Gambino could bear a grudge too. When you hear the cement overcoat story, you will know what I mean. A feared soldier of the Colombo crime family, Dominick Scialo, was once at a restaurant when he spotted Carlo Gambino and began to harass and insult him in front of others. Gambino kept his cool and did not say a word.

Scialo was not touched, not a hair on his head bent. Instead, some time later, he was grabbed as he was entering a Colombo family social club, driven to Brooklyn and gently set inside the foundation of a high-rise under construction and concrete poured over him, alive. Gambino is reported to have stood over the guy and watched. Then, while his head was still clear, the gooey concrete now lapping against his chin, Gambino stooped and placed a cigarette between his gasping lips and said,” Here, have a drag. It will calm you down.”

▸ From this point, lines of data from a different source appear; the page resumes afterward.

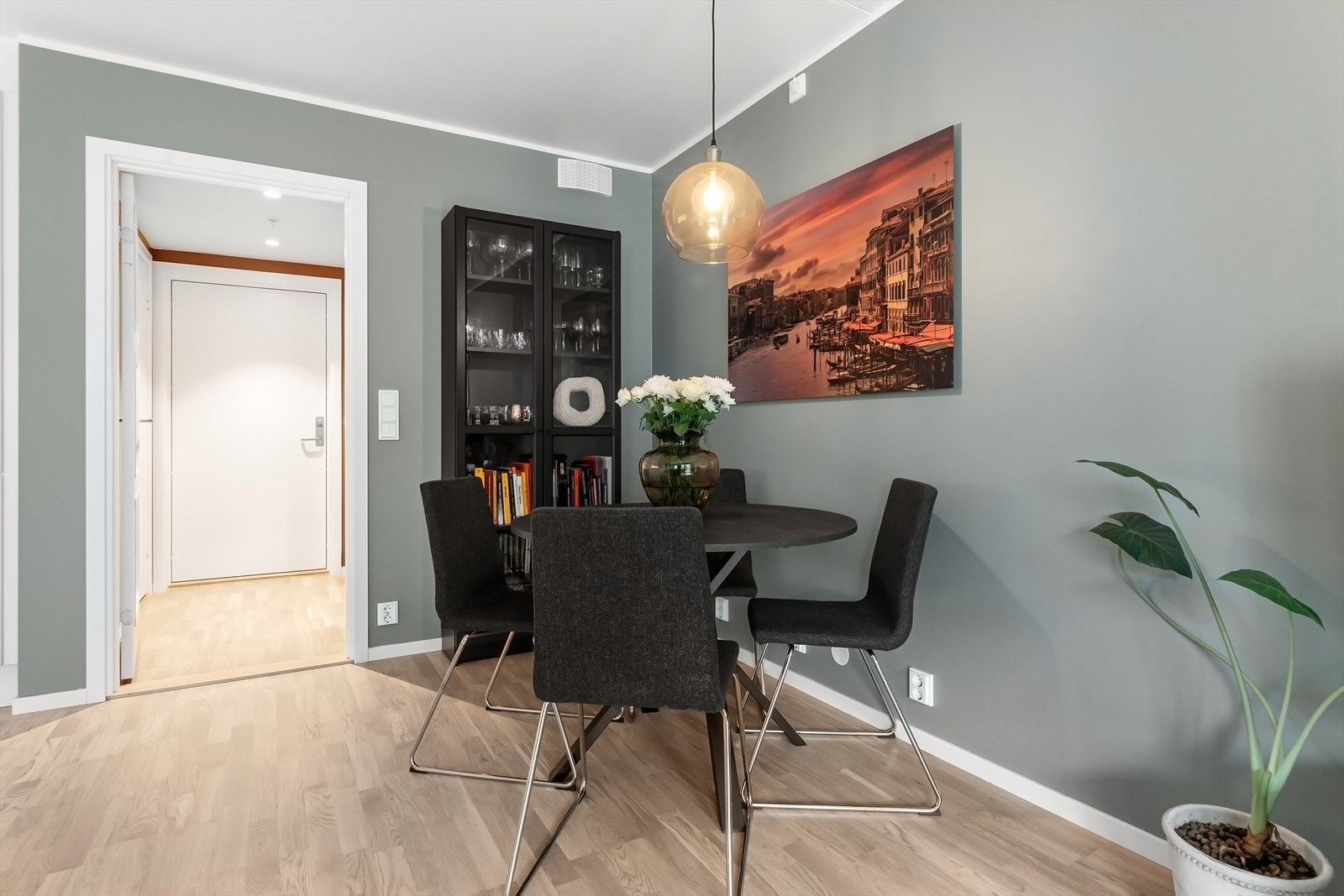 Spiseplass i stuen Galleribilde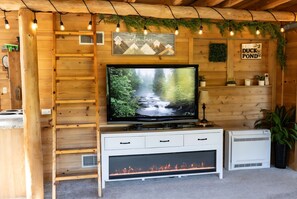 Interior - The Duck Pond experience; a unique PNW experience living life on the pond (Port Angeles)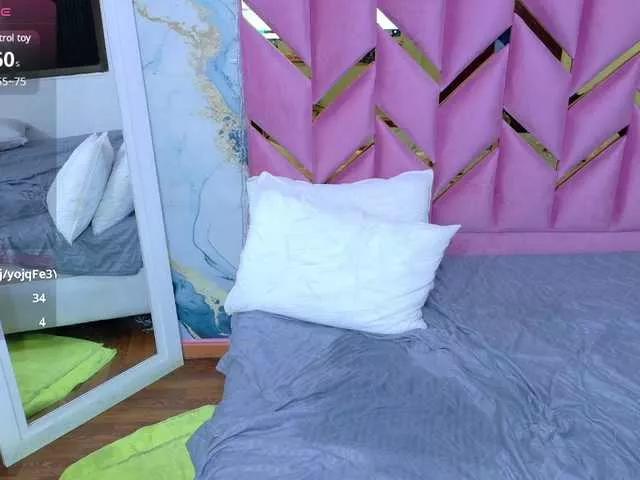 curvybrunnett on BongaCams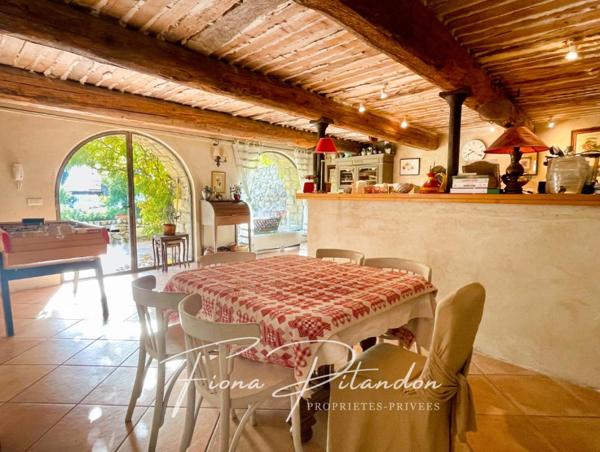 Bâtisse authentique au coeur de Mérindol avec un fort potentiel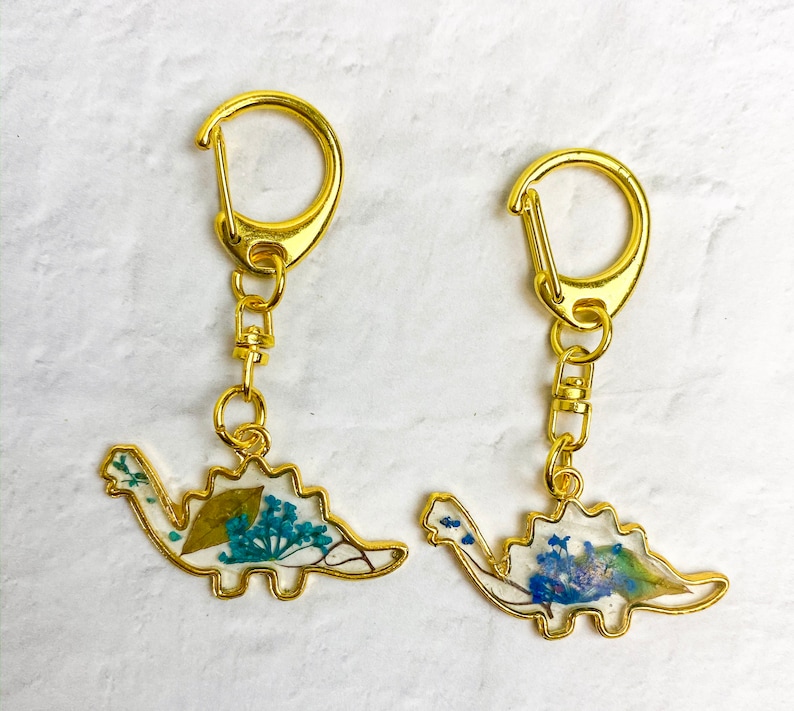 Pressed Flower Keychain Resin Keychain Resin Dinosaur Keychain Dinosaur Keychain Resin Flower Keychain Floral Keychain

Concrete shrinks as it hardens and sets. A human body placed inside concrete when it is still wet, would be crushed by the contraction caused by the shrinking concrete. Since the murder of Scialo, the near-perfect method of disposal and complete disappearance – setting folk inside concrete alive, became the disposal mode of choice for the American mob.

If you are walking by a construction site and you see the concrete churning on its own, inside the setting molds and you hear wails and moans, chances are that the mixer operator is Sicilian.